The illustration on the right shows a similar architecture: Both the User Interface (Presentation-layer) & Tests on the outside reference the Business Logic that references the Data Access Layer that talks to the persistant storage.

Note that references work from the outside towards the centre.

Even with an ACL (represented by the white spaces), bending the layout in a circle we discover something significant: The Storage-layer (database) is in the centre.

May 16, 2012

Wait, what?

Looking back at one of my previous Twitter quotes, I remembered my philosophical moment: The database should not be the centre concern of our application. Why should the business case dictate & worry about where and how the data will be stored? Business [logic] should never be dependent on the database.

Bring on the Onion

Derived from the onion's circular layered structure, Onion Architecture isn't a new concept. It's been around for a while now. It allows the use of pluggable components that is the external implementations of the internal contracts & models.

It relies heavily on the Dependency Inversion Principle (DIP) for configuring bindings and injecting the instances toward the implementation (on the edges) of the application during run-time.

Starting from the outside, we have a Dependency Resolution layer responsible for providing instances to contracts using the DIP like Inversion of Control (IoC) and references all the layers.

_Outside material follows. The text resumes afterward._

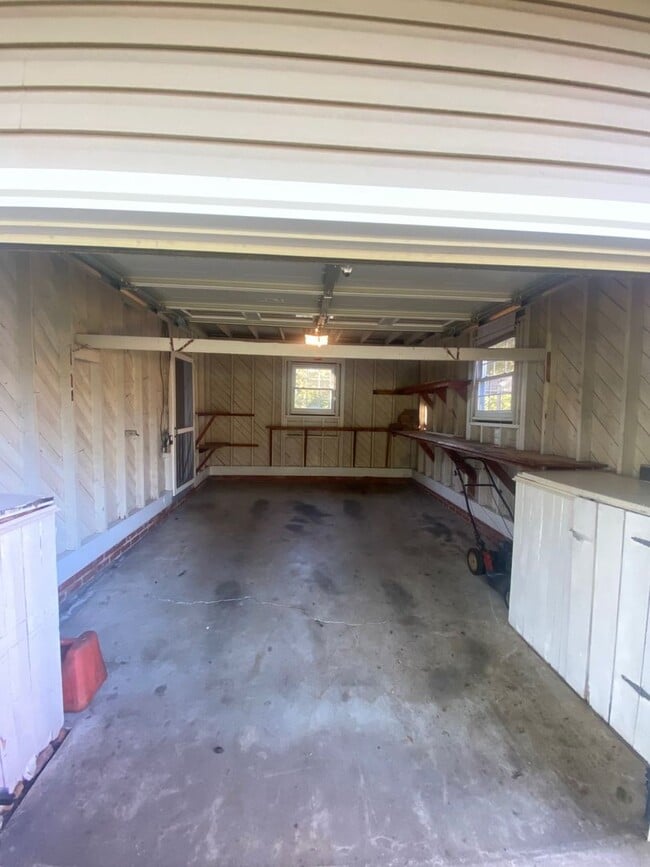 Building Photo - Nice 2 bedroom 1 bathroom home very close ...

  • The UI layer represents the front-end logic of the application.
  • Infrastructure is externalized and provides the implementations responsible for invoking web-services, data access, logging, mapping etc. Only technology-specific code (non-business) belongs here.
  • The Tests layer houses all tests in the solution.
  • All externally exposed functionality (like REST & WCF) is implemented in the API Service layer.
  • The UI-, Infrastructure-, Tests- and API Service layer respectfully references the contracts and models in the Core layer (represented by the white line).

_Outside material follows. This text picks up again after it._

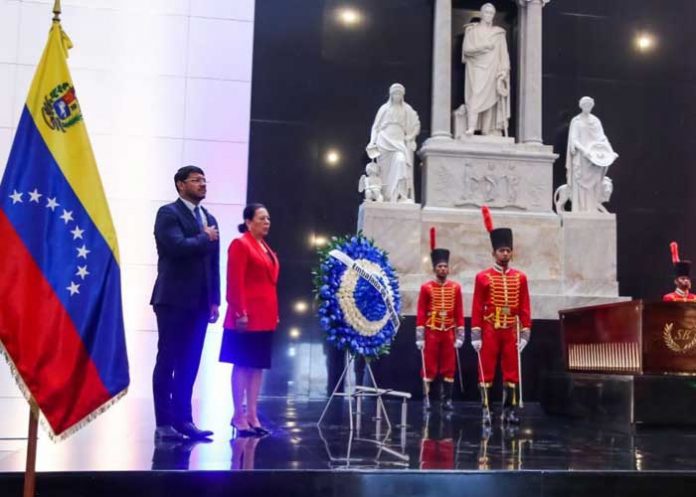 Ofrenda floral al General Sandino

The Business Logic, or the Core layer; is in the centre. Here you will find everything unique to the business: Domain model, validation rules and business workflows. This layer cannot reference any external libraries and contains no technology-specific code.

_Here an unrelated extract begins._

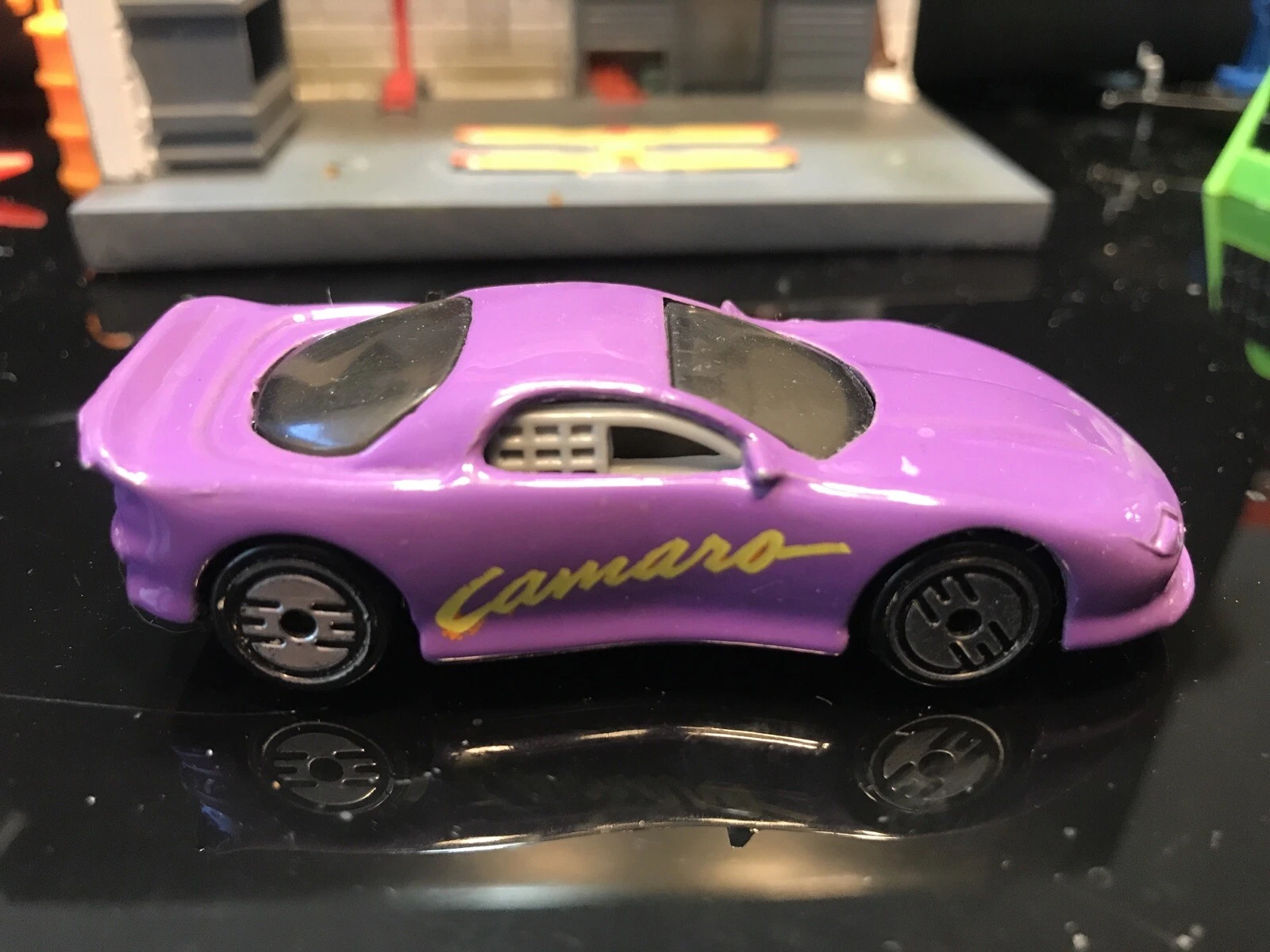 1992 Hot Wheels Ultra Hots Purple Chevrolet Camaro Z-28 Stock Car 1:64 #202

Here is a graphical representation in more detail:

Key aspects of Onion Architecture:

  • The application is built around an independent object model
  • Inner layers define interfaces. Outer layers implement interfaces
  • Direction of coupling is toward the centre
  • All application core code can be compiled and run separate from infrastructure


  • True loose coupling between layers/components
  • Limit re-write necessity over time, business value-adding logic is entirely self-contained
  • Application becomes very portable – next version of .NET or an entirely new language/platform
  • Business logic has no dependency tentacles (aside from your platform dependencies)
  • Architecture is more easily sustained over time, developers know exactly where components go, a lot of guesswork is removed
  • Infrastructure is free to use any data access library or external web services to do its work
  • UI and Data Access “layers” become much smaller, deal strictly with technology-related code
  • No more need for Common/Shared/Utilities project
  • Compiler enforces dependencies boundaries, impossible for Core to reference Infrastructure

That's all folks! Hopefully someone will find this interesting and especially useful somewhere in their solution implementations.

Remember to draw the system using concentric circles which can only take dependency on something provided in an inner layer. Externalise all technology-related code and push complexity as far out as possible.